III. Wat Mozes deed, toen hij aldus aangevallen en beledigd werd.

1. Hij bestrafte de murmureerders, Exodus 17:2. Wat twist gij met mij? Let er op met hoeveel zachtmoedigheid hij tot hen spreekt, het was goed, dat hij een man was van buitengemene zachtmoedigheid, want anders zou hun woest onstuimig gedrag veroorzaakt hebben, dat hij zichzelf niet meester bleef. Het is dwaasheid om hartstocht met hartstocht te beantwoorden, want dat maakt wat slecht is nog slechter, maar een zacht antwoord keert de grimmigheid af. Hij toont hun tegen wie hun murmureringen gericht zijn, en dat de verwijtingen, die zij hem deden, God zelf troffen. Gij verzoekt de Heer, dat is "door Zijn macht te wantrouwen, stelt gij Zijn geduld op de proef, en verwekt Hem aldus tot toorn."

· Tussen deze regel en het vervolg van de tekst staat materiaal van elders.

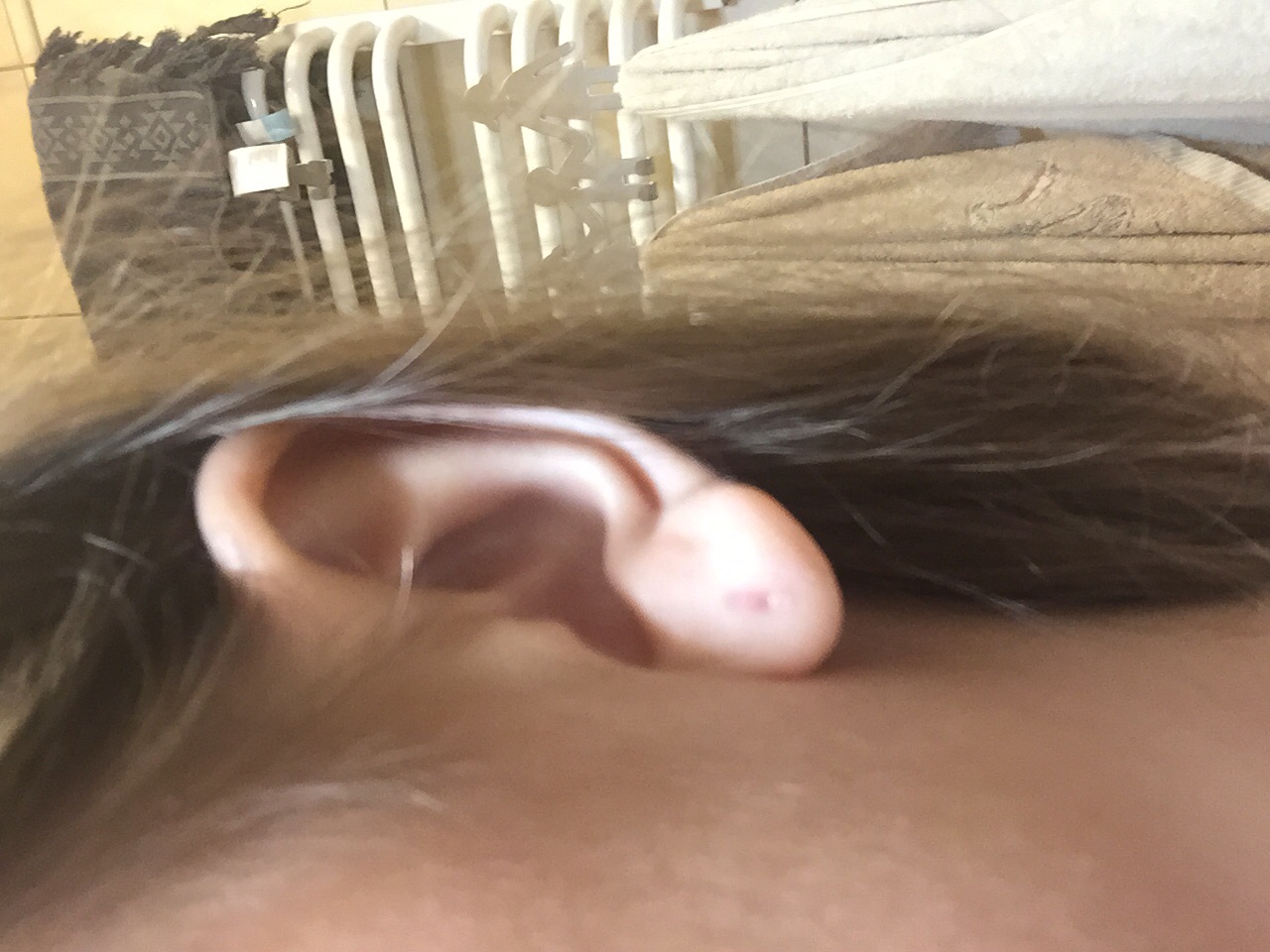 Przebiłam sobie ucho kolczykiem od kosmetyczki - Zapytaj.onet.pl -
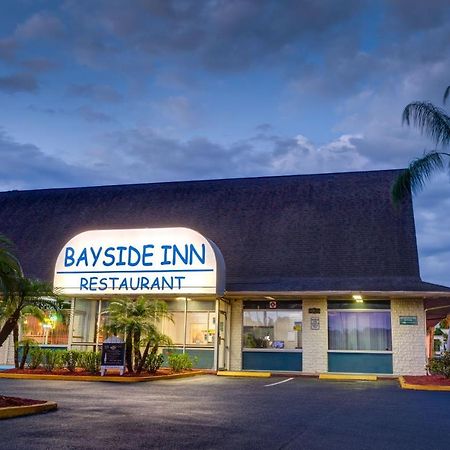 Bayside Inn Pinellas Park - Clearwater ภายนอก รูปภาพ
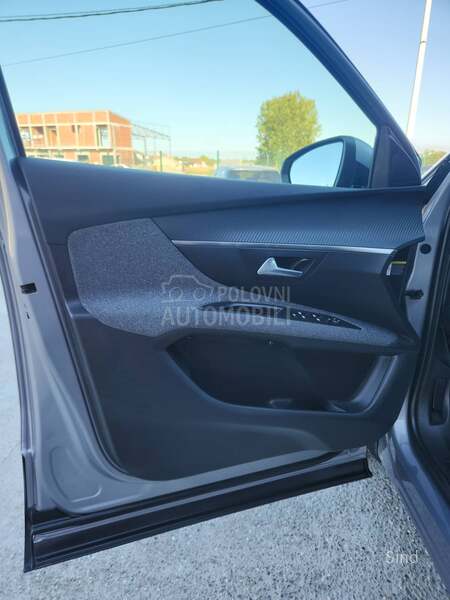 Peugeot 3008 1.5 BLUEHDI CROSSWAY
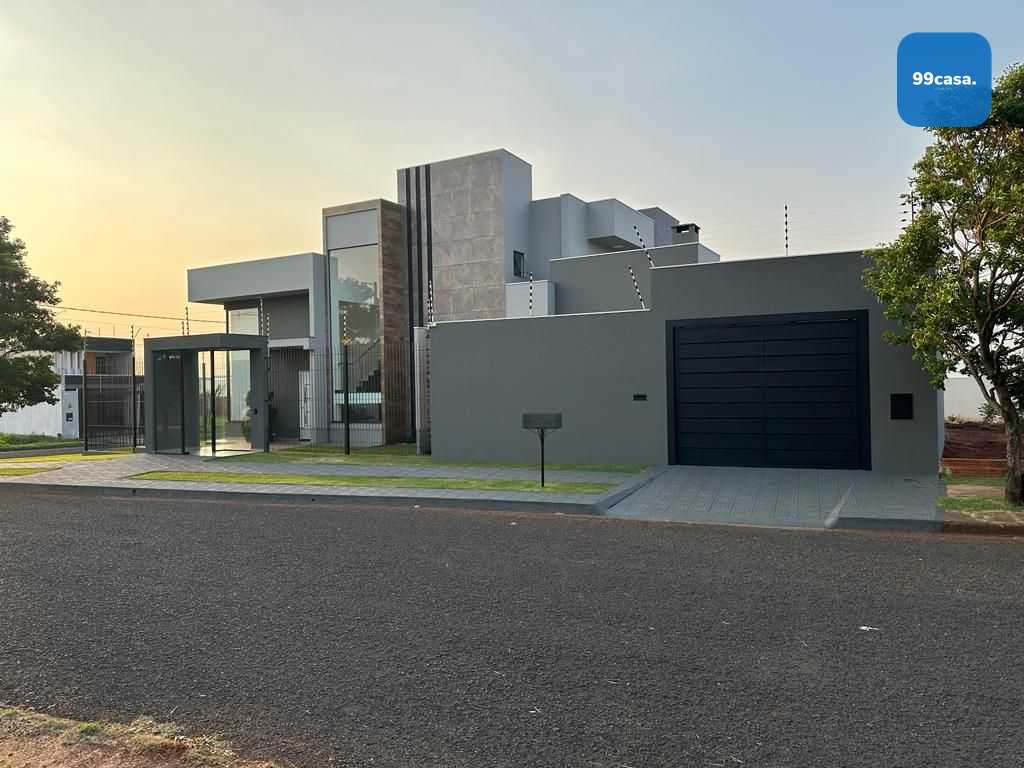 Casa de 3 Dormitórios com Piscina e Área Gourmet à Venda em Ma...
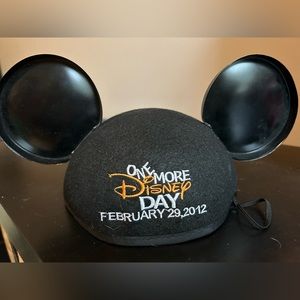 ✨ULTRA RARE One More Disney Day Leap Day Ear Hat
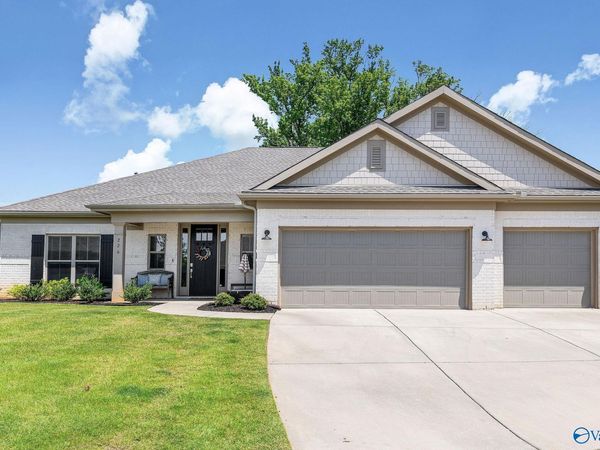 226 Hannaway Circle, Madison, AL 35757
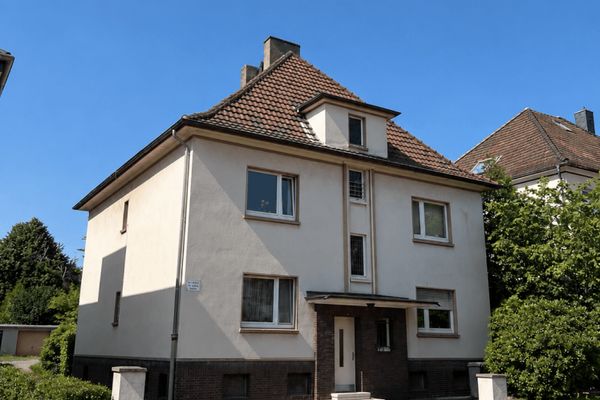Edificio residencial plurifamiliar completamente alquilado con cinco unidades y garajes en Bochum-Wattenscheid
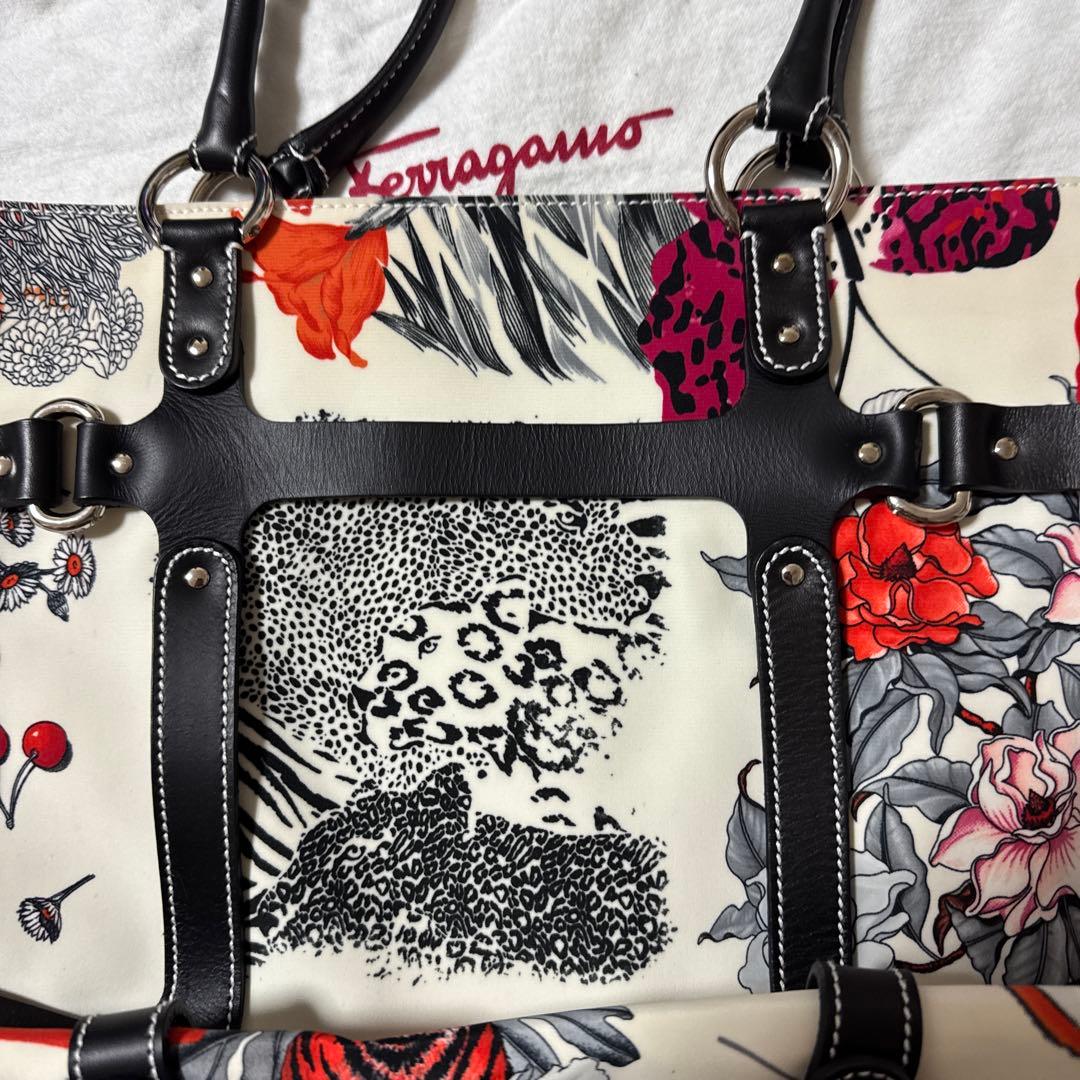 新品 未使用 フェラガモ ヒョウ 花柄 バッグ 布袋付き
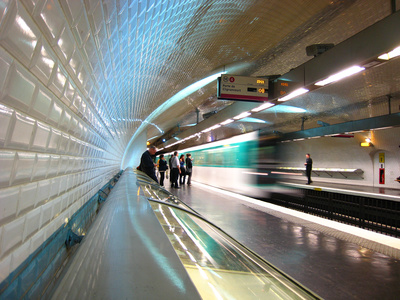 Passage_metro_paris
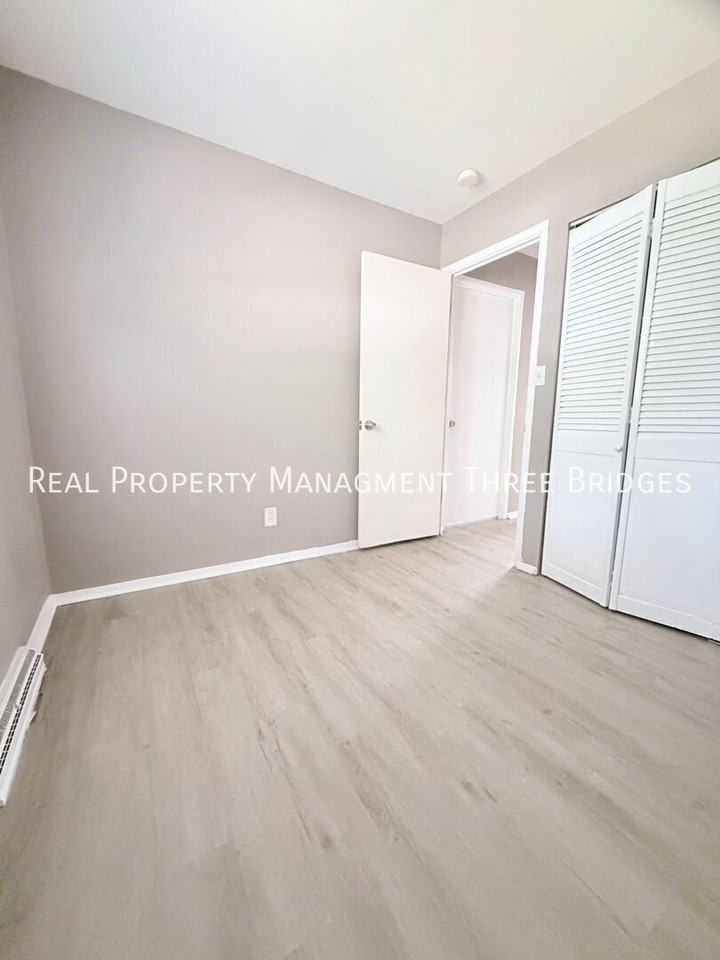 1222 Baron Ave - Photo 4 of 18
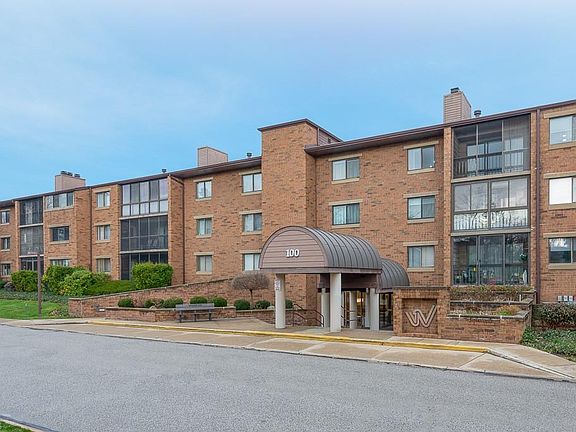 2nd image of 100 Fox Hollow Dr APT 303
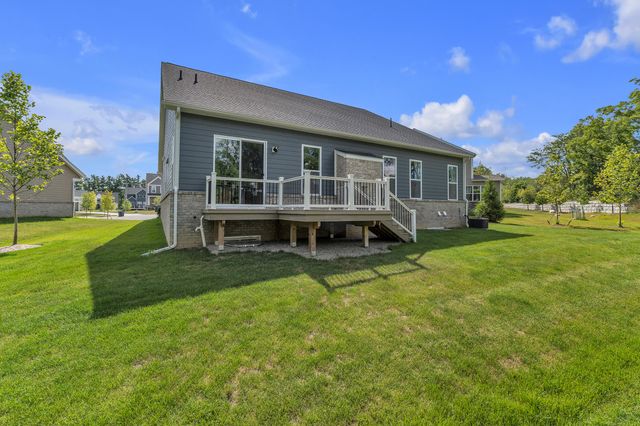 628 Pine Circle, Ann Arbor, MI 48105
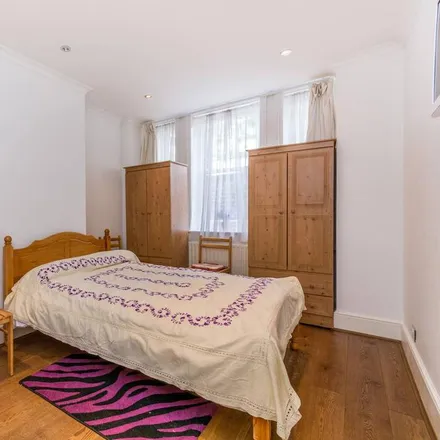 Rent this 2 bed apartment on Nottingham Mansions in Nottingham Street, London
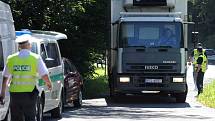 Velkou razii na řidiče autobusů a také pasažéry z řad cizinců provedli v úterý policisté v celé České republice. 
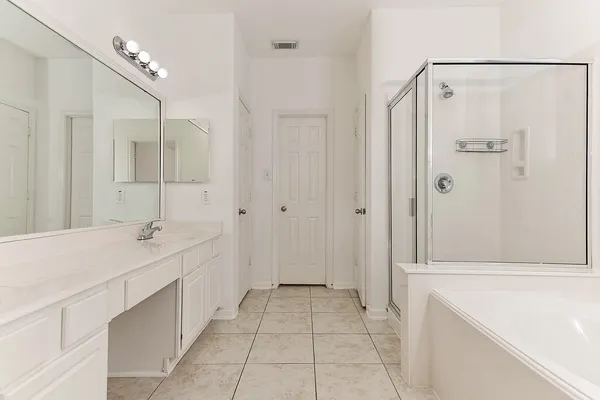 $575,000 | 46 South April Mist Circle, Conroe, TX 77385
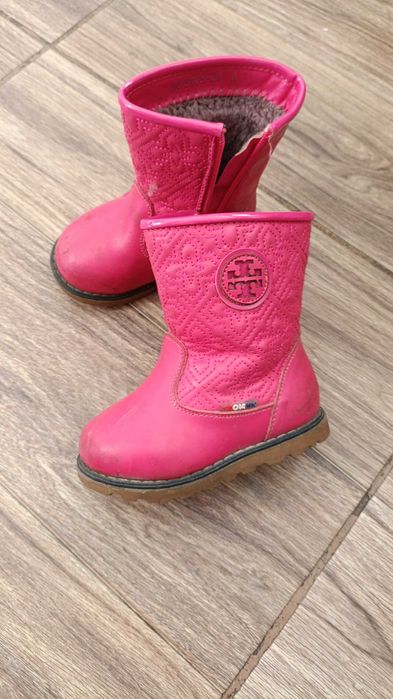 Сапожки для девочки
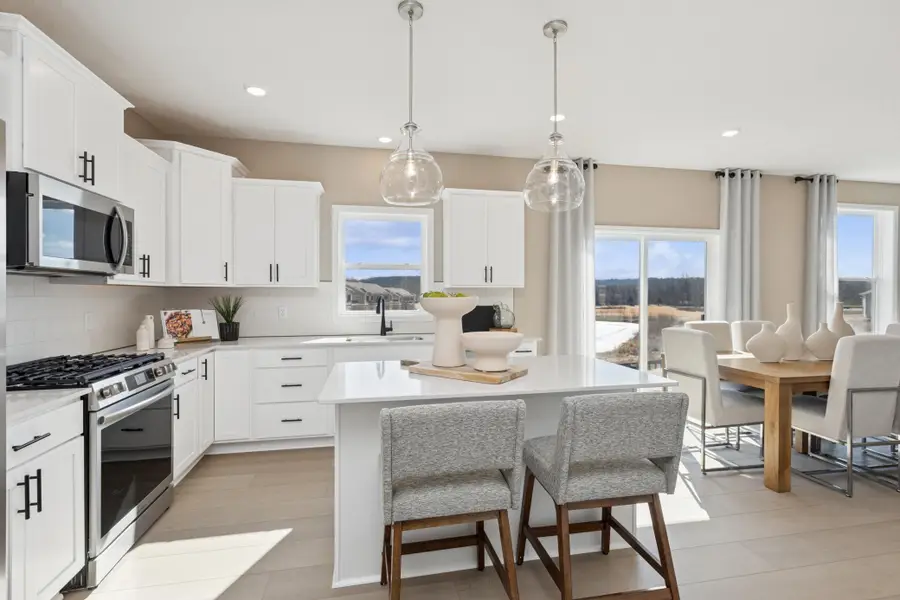 4626 Buckingham Drive Nw, Rochester, MN 55906 - Image #2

2. Hij doet zijn beklag bij God, Exodus 17:4. Zo riep Mozes tot de Heer, deze dienstknecht kwam, en boodschapte deze dingen aan zijn Heer, Luke 14:21. Als de mensen ons onrechtvaardig laken en met ons twisten, dan zal het een grote verlichting voor ons wezen om tot God te gaan, en door het gebed Hem de zaak voor te leggen en het dan verder aan Hem over te laten, als de mensen ons niet willen horen, zal God naar ons horen, als hun slecht gedrag tegen ons onze gemoedsrust verstoort, zullen Gods vertroostingen ons kalmte en vrede geven. Mozes bidt God om hem te leren wat hij doen moet, want hij was ten einde raad hij kon zelf noch in hun behoefte voorzien noch het opbruisen van hun hartstochten tot bedaren brengen, God alleen kon dit. Hij wijst op het gevaar, waarin hij zich bevindt: "daar feilt niet veel aan, of zij zullen mij stenigen, Heer, zo U iets gelegen is aan het leven van Uw dienstknecht, zo treed dan nu tussenbeide."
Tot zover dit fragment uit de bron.